▶ [Data]

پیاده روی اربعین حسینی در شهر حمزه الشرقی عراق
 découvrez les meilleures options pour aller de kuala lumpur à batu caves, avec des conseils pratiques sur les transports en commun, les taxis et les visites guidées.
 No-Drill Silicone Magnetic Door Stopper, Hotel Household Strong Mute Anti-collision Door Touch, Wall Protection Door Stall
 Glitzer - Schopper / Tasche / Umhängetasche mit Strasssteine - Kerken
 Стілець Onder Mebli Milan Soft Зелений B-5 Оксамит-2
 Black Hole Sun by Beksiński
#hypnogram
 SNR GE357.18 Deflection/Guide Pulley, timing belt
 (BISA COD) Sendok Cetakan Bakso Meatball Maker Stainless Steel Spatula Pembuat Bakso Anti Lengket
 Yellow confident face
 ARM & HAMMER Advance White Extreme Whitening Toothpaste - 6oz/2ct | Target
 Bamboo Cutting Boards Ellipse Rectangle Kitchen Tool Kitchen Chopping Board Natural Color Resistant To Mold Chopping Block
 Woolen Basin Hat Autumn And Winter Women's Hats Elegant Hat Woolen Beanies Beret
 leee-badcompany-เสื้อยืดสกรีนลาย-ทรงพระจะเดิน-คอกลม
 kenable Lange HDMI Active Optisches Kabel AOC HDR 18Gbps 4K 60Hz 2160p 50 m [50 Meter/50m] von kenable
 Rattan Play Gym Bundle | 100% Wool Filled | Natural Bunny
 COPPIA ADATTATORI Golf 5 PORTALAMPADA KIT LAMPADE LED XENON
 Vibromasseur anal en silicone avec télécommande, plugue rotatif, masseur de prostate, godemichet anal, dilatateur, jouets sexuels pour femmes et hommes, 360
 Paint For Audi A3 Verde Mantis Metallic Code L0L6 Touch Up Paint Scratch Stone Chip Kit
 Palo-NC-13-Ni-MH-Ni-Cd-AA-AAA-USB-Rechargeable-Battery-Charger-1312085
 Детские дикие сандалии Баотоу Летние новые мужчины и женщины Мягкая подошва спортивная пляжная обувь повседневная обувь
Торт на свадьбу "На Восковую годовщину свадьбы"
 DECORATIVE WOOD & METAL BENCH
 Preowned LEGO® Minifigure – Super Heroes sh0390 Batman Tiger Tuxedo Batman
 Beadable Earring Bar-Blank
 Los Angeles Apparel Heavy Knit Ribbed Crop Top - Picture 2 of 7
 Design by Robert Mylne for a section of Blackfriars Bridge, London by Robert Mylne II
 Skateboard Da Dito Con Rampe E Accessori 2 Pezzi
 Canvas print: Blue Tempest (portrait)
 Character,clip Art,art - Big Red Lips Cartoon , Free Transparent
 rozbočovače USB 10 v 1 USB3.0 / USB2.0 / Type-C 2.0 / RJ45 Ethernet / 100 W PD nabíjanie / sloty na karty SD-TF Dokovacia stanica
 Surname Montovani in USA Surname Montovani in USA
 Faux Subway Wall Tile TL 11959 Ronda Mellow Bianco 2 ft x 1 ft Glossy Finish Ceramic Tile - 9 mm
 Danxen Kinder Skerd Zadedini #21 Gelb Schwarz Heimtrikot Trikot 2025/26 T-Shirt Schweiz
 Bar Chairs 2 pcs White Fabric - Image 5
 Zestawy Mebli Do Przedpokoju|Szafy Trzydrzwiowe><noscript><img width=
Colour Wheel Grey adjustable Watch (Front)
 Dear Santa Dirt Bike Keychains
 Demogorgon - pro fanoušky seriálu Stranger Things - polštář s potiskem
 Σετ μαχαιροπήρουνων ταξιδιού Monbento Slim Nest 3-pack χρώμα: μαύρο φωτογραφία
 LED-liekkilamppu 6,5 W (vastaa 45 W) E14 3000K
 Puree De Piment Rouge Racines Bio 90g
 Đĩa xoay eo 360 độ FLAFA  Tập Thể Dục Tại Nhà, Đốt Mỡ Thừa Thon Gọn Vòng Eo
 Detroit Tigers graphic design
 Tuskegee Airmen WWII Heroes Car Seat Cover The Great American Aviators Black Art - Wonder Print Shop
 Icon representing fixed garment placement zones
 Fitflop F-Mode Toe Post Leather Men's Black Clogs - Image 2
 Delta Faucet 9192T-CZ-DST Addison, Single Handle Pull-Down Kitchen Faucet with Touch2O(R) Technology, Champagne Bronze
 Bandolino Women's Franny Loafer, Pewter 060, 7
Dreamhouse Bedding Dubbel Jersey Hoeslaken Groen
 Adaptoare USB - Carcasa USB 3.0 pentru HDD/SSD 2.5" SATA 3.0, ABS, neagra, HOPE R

▶ [Assignment]
Retype the data in full, and keep every line identical to the original.

▶ [Solution to the problem]
پیاده روی اربعین حسینی در شهر حمزه الشرقی عراق
 découvrez les meilleures options pour aller de kuala lumpur à batu caves, avec des conseils pratiques sur les transports en commun, les taxis et les visites guidées.
 No-Drill Silicone Magnetic Door Stopper, Hotel Household Strong Mute Anti-collision Door Touch, Wall Protection Door Stall
 Glitzer - Schopper / Tasche / Umhängetasche mit Strasssteine - Kerken
 Стілець Onder Mebli Milan Soft Зелений B-5 Оксамит-2
 Black Hole Sun by Beksiński
#hypnogram
 SNR GE357.18 Deflection/Guide Pulley, timing belt
 (BISA COD) Sendok Cetakan Bakso Meatball Maker Stainless Steel Spatula Pembuat Bakso Anti Lengket
 Yellow confident face
 ARM & HAMMER Advance White Extreme Whitening Toothpaste - 6oz/2ct | Target
 Bamboo Cutting Boards Ellipse Rectangle Kitchen Tool Kitchen Chopping Board Natural Color Resistant To Mold Chopping Block
 Woolen Basin Hat Autumn And Winter Women's Hats Elegant Hat Woolen Beanies Beret
 leee-badcompany-เสื้อยืดสกรีนลาย-ทรงพระจะเดิน-คอกลม
 kenable Lange HDMI Active Optisches Kabel AOC HDR 18Gbps 4K 60Hz 2160p 50 m [50 Meter/50m] von kenable
 Rattan Play Gym Bundle | 100% Wool Filled | Natural Bunny
 COPPIA ADATTATORI Golf 5 PORTALAMPADA KIT LAMPADE LED XENON
 Vibromasseur anal en silicone avec télécommande, plugue rotatif, masseur de prostate, godemichet anal, dilatateur, jouets sexuels pour femmes et hommes, 360
 Paint For Audi A3 Verde Mantis Metallic Code L0L6 Touch Up Paint Scratch Stone Chip Kit
 Palo-NC-13-Ni-MH-Ni-Cd-AA-AAA-USB-Rechargeable-Battery-Charger-1312085
 Детские дикие сандалии Баотоу Летние новые мужчины и женщины Мягкая подошва спортивная пляжная обувь повседневная обувь
Торт на свадьбу "На Восковую годовщину свадьбы"
 DECORATIVE WOOD & METAL BENCH
 Preowned LEGO® Minifigure – Super Heroes sh0390 Batman Tiger Tuxedo Batman
 Beadable Earring Bar-Blank
 Los Angeles Apparel Heavy Knit Ribbed Crop Top - Picture 2 of 7
 Design by Robert Mylne for a section of Blackfriars Bridge, London by Robert Mylne II
 Skateboard Da Dito Con Rampe E Accessori 2 Pezzi
 Canvas print: Blue Tempest (portrait)
 Character,clip Art,art - Big Red Lips Cartoon , Free Transparent
 rozbočovače USB 10 v 1 USB3.0 / USB2.0 / Type-C 2.0 / RJ45 Ethernet / 100 W PD nabíjanie / sloty na karty SD-TF Dokovacia stanica
 Surname Montovani in USA Surname Montovani in USA
 Faux Subway Wall Tile TL 11959 Ronda Mellow Bianco 2 ft x 1 ft Glossy Finish Ceramic Tile - 9 mm
 Danxen Kinder Skerd Zadedini #21 Gelb Schwarz Heimtrikot Trikot 2025/26 T-Shirt Schweiz
 Bar Chairs 2 pcs White Fabric - Image 5
 Zestawy Mebli Do Przedpokoju|Szafy Trzydrzwiowe><noscript><img width=
Colour Wheel Grey adjustable Watch (Front)
 Dear Santa Dirt Bike Keychains
 Demogorgon - pro fanoušky seriálu Stranger Things - polštář s potiskem
 Σετ μαχαιροπήρουνων ταξιδιού Monbento Slim Nest 3-pack χρώμα: μαύρο φωτογραφία
 LED-liekkilamppu 6,5 W (vastaa 45 W) E14 3000K
 Puree De Piment Rouge Racines Bio 90g
 Đĩa xoay eo 360 độ FLAFA  Tập Thể Dục Tại Nhà, Đốt Mỡ Thừa Thon Gọn Vòng Eo
 Detroit Tigers graphic design
 Tuskegee Airmen WWII Heroes Car Seat Cover The Great American Aviators Black Art - Wonder Print Shop
 Icon representing fixed garment placement zones
 Fitflop F-Mode Toe Post Leather Men's Black Clogs - Image 2
 Delta Faucet 9192T-CZ-DST Addison, Single Handle Pull-Down Kitchen Faucet with Touch2O(R) Technology, Champagne Bronze
 Bandolino Women's Franny Loafer, Pewter 060, 7
Dreamhouse Bedding Dubbel Jersey Hoeslaken Groen
 Adaptoare USB - Carcasa USB 3.0 pentru HDD/SSD 2.5" SATA 3.0, ABS, neagra, HOPE R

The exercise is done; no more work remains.